Orthogonal Chirp Delay-Doppler Multiplexing (CDDM)

• Orthogonal Chirp Delay-Doppler Division Multiplexing (CDDM) is a multi-carrier modulation framework that uses orthogonal chirp waveforms mapped onto a delay-Doppler grid for robust performance in doubly selective channels.
• The framework combines advanced precoding transforms, such as IDFnT and CZT, to achieve full diversity gain and superior BER improvements under high mobility.
• CDDM balances tradeoffs between PAPR, spectral efficiency, and computational complexity, making it ideal for applications in high-speed communications, radar, and integrated sensing.
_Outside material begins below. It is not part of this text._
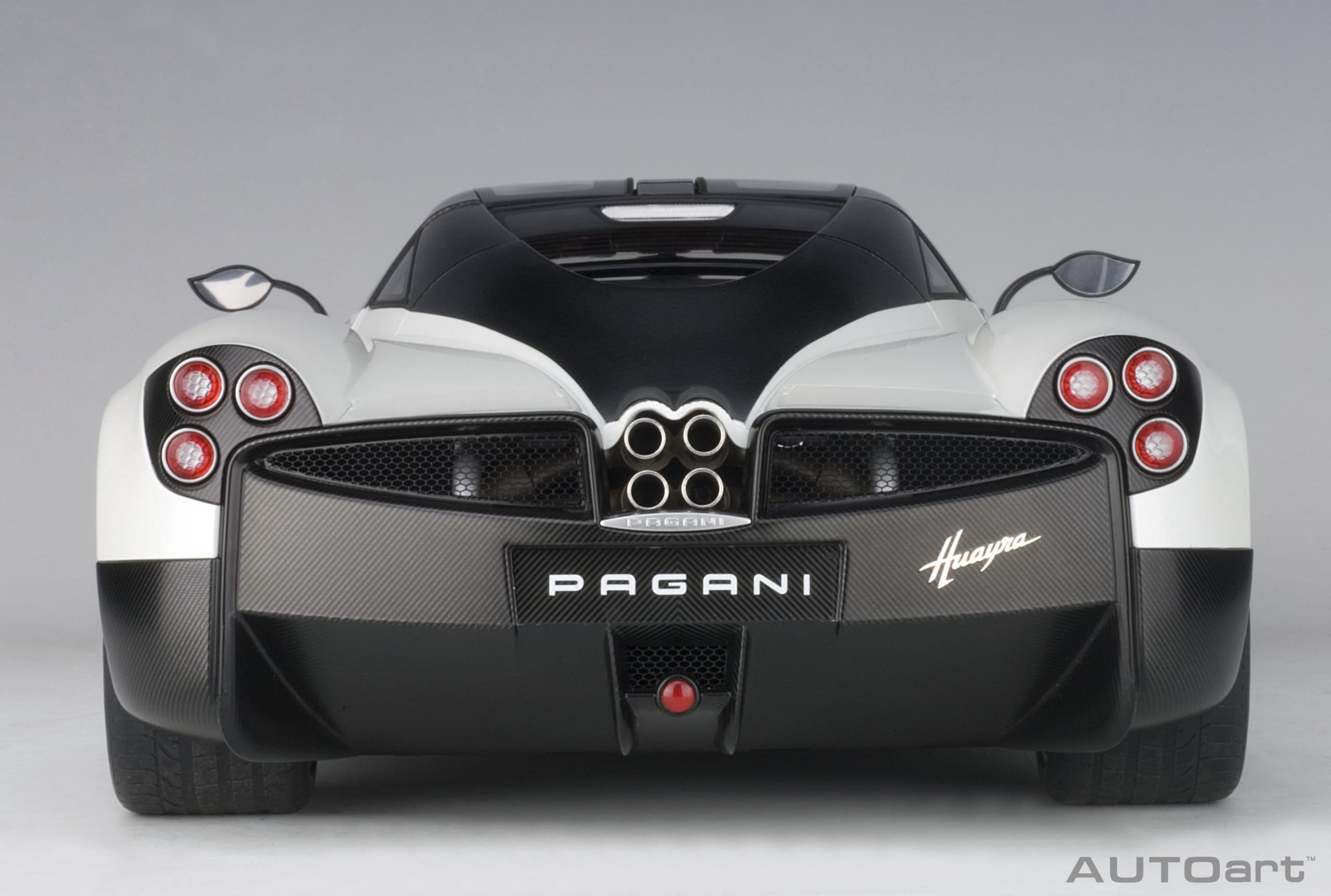 AUTOart Pagani Huayra 1:12 - White - Image 6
Orthogonal Chirp Delay-Doppler Division Multiplexing (CDDM) is a multi-carrier modulation framework designed for efficient, resilient communication in doubly selective (delay and Doppler dispersive) channels. CDDM achieves robust performance under high mobility by combining the orthogonality of linear frequency-modulated (chirp) waveforms with delay–Doppler domain multiplexing and targeted precoding transforms. Several concrete instantiations—including Affine Frequency Division Multiplexing (AFDM), Vector Orthogonal Chirp Division Multiplexing (VOCDM), and Chirp-Zak Transform (CZT)-based CDDM—demonstrate modular signal design, full diversity gain, and tractable detection complexity. The approach has demonstrated superior BER, diversity order, and OOBE in recent simulation studies under realistic channel conditions (Bai et al., 22 Nov 2025, Lu et al., 10 Aug 2025, Yin et al., 7 Feb 2025, Li et al., 22 May 2025).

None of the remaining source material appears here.